If you never select "A" for t1 or t2, then indeed you can compute everything you're interested in while not computing f for any sets T that don't contain "A". (This is possible because the steps outlined above are only interesting whenever T contains at least three elements.) Good! This leaves just one question - how to store the computed values f(T). What I would do is use a 2^(n-1)-sized array; represent each subset-of-your-alphabet-that-includes-"A" by the (n-1) bit number where the ith bit is 1 whenever the (i+1)th letter is in that set (so 0010110, which has bits 2, 4, and 5 set, represents the subset {"A", "C", "D", "F"} out of the alphabet "A" .. "H" - note I'm counting bits starting at 0 from the right, and letters starting at "A" = 0). This way, you can actually iterate through the sets in numerical order and don't need to think about how to iterate through all k-element subsets of an n-element set. (You do need to include a special case for when the set under consideration has 0 or 1 element, in which case you'll want to do nothing, or 2 elements, in which case you just copy the value from the matrix.)
Well, it looks simple to me, but perhaps I misunderstand the problem.
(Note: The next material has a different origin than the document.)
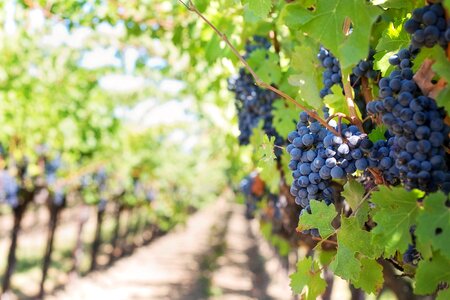 Napa vineyard grapes vine photo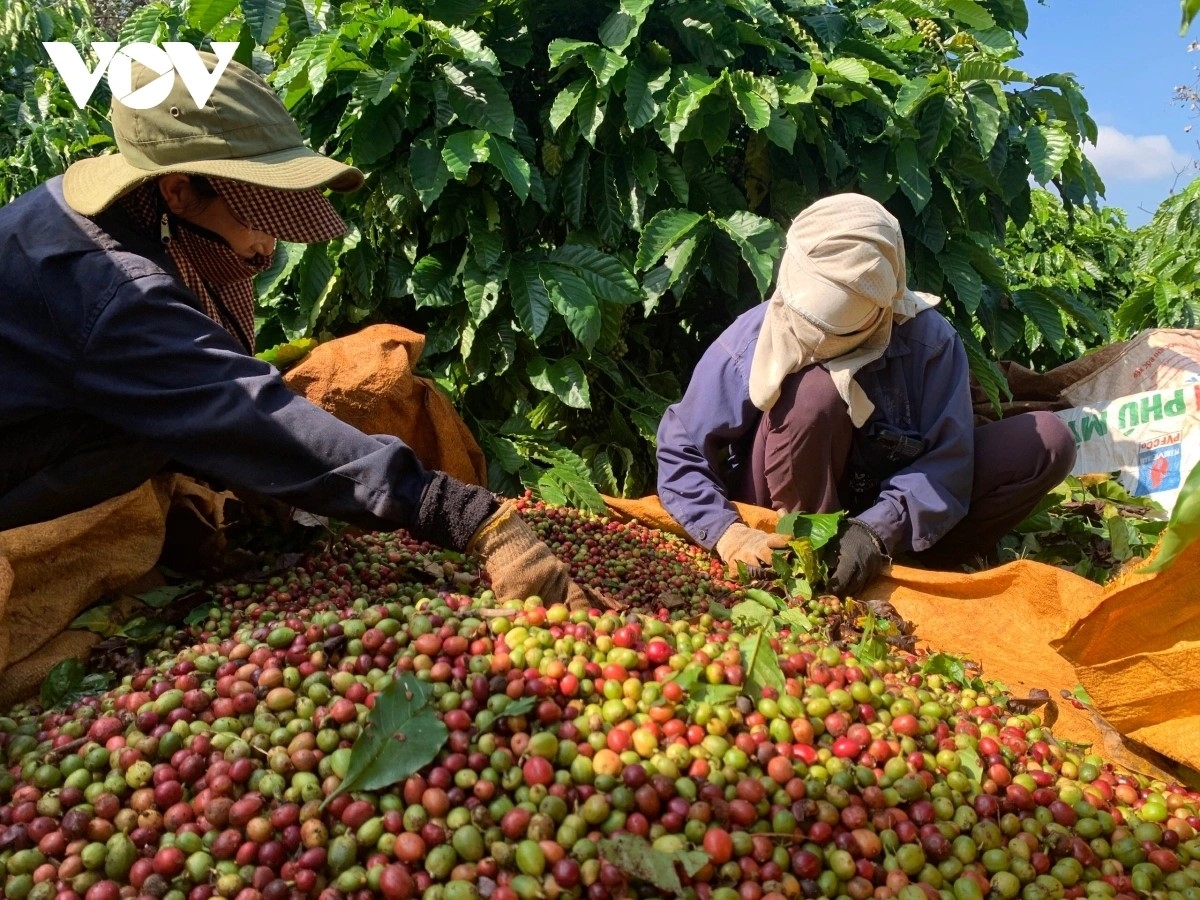 -Ênoh prăk brei čan đru kơ ƀĭng lŏ hma Lăn Dap Kngư hơĭt ai tiê mkra mjing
I would do it like this:
let P be a pattern string in your notation X1.X2. ... .Xn, where Xi is a column in your matrix
first compute the array CS = [ (X1, X2), (X1, X3), ... (X1, Xn) ], which contains all combinations of X1 with every other element in the pattern; CS has n-1 elements, and you can easily build it in O(n)
now you must compute min (CS), i.e. finding the minimum value of the matrix elements corresponding to the combinations in CS; again you can easily find the minimum value in O(n)
done.
Note: since your matrix is symmetric, given P you just need to compute CS by combining the first element of P with all other elements: (X1, Xi) is equal to (Xi, X1)
If your matrix is very large, and you want to do some optimization, you may consider prefixes of P: let me explain with an example
when you have solved the problem for P = X1.X2.X3, store the result in an associative map, where X1.X2.X3 is the key
later on, when you solve a problem P' = X1.X2.X3.X7.X9.X10.X11 you search for the longest prefix of P' in your map: you can do this by starting with P' and removing one component (Xi) at a time from the end until you find a match in your map or you end up with an empty string
if you find a prefix of P' in you map then you already know the solution for that problem, so you just have to find the solution for the problem resulting from combining the first element of the prefix with the suffix, and then compare the two results: in our example the prefix is X1.X2.X3, and so you just have to solve the problem for
X1.X7.X9.X10.X11, and then compare the two values and choose the min (don't forget to update your map with the new pattern P')
if you don't find any prefix, then you must solve the entire problem for P' (and again don't forget to update the map with the result, so that you can reuse it in the future)
This technique is essentially a form of memoization.